Dataset records
++++
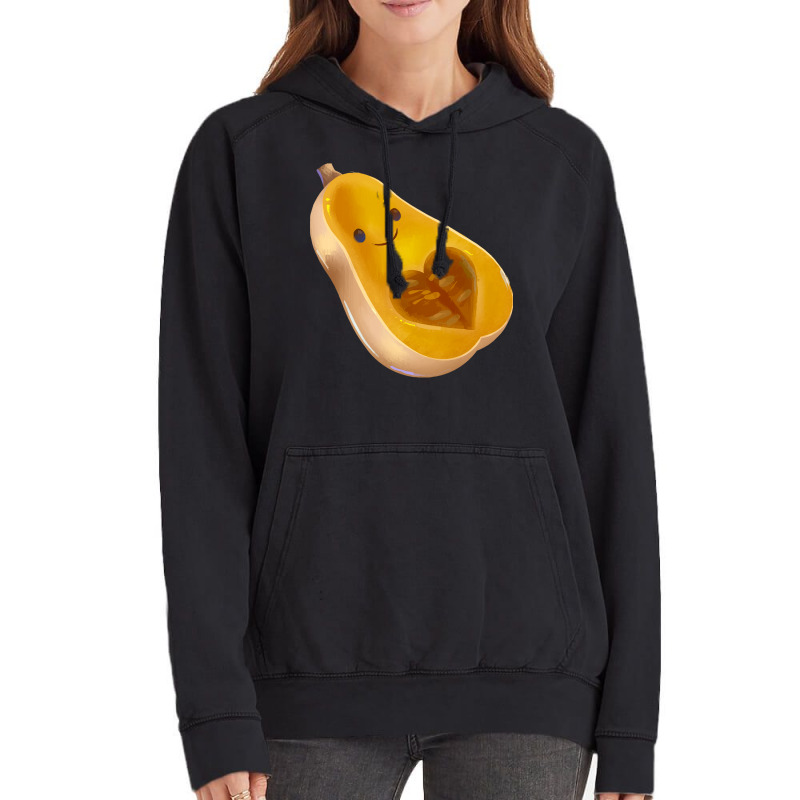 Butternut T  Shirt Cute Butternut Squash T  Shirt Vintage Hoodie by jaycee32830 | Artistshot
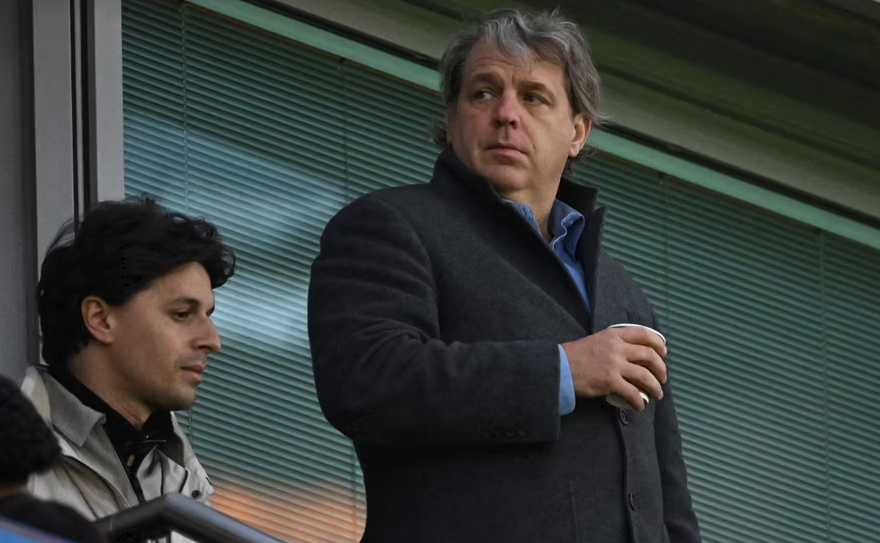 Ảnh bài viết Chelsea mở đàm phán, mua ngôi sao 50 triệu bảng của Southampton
++++
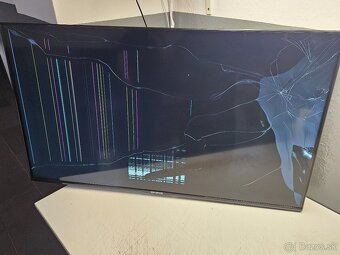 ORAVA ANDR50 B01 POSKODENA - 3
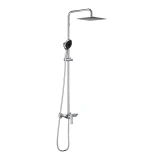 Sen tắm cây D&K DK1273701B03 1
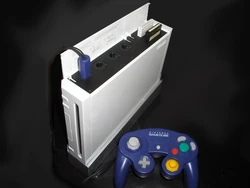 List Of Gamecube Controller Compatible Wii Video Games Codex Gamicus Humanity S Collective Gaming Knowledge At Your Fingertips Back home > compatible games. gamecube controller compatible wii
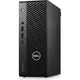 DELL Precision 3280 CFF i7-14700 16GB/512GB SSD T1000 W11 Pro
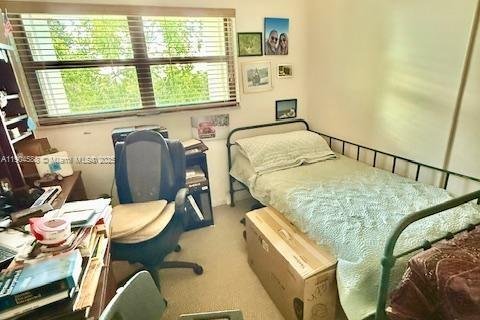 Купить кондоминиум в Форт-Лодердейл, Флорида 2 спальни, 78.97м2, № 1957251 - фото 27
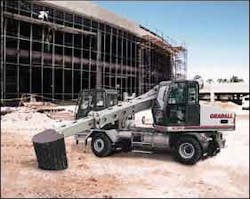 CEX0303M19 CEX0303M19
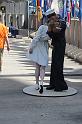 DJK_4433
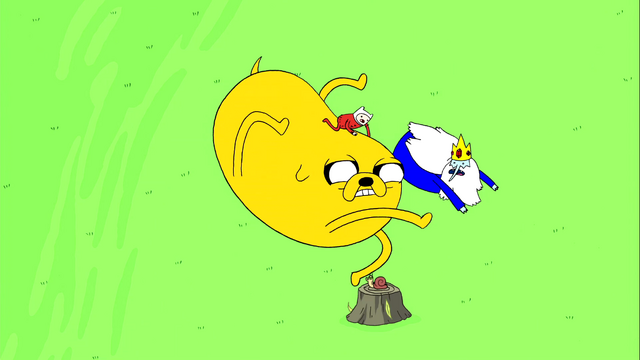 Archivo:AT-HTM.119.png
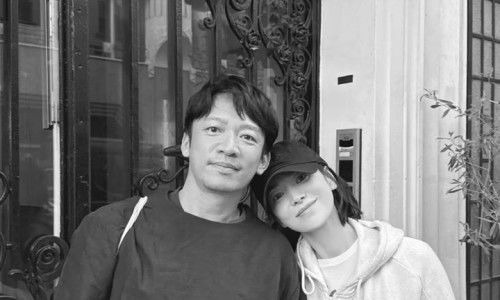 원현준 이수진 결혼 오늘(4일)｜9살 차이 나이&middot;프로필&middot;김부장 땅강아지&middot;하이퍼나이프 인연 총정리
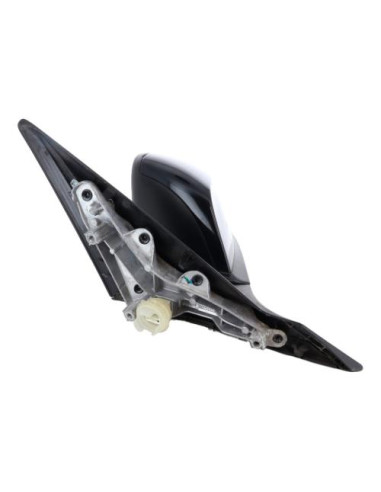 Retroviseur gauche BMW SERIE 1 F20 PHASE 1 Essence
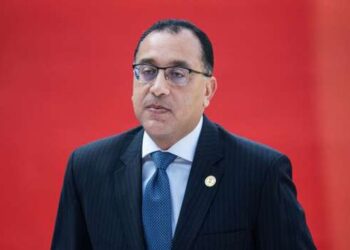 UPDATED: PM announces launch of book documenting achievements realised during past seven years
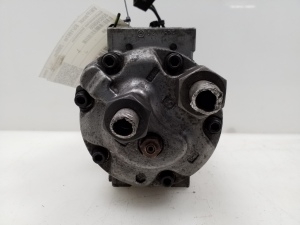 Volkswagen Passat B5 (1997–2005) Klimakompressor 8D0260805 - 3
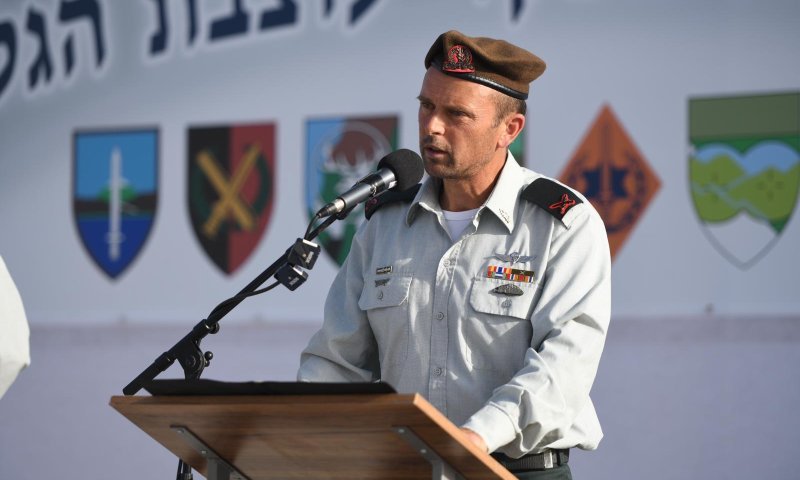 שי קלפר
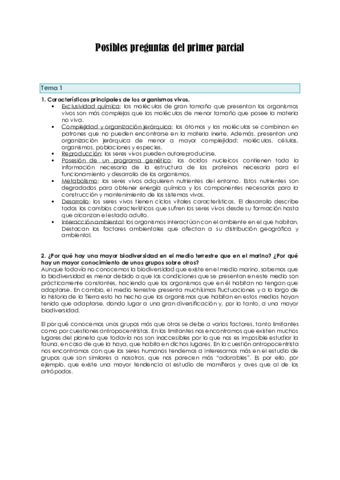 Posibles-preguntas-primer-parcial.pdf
++++
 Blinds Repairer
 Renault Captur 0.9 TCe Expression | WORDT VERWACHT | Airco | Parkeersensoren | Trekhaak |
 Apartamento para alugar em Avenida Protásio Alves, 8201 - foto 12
++++
Instructions for the task
Output only the lines above from the one containing "jaycee32830 | Artistshot" to the one containing "Ảnh bài viết", both included, exactly as written and with no pictures.

Reply
 Butternut T  Shirt Cute Butternut Squash T  Shirt Vintage Hoodie by jaycee32830 | Artistshot
 Ảnh bài viết Chelsea mở đàm phán, mua ngôi sao 50 triệu bảng của Southampton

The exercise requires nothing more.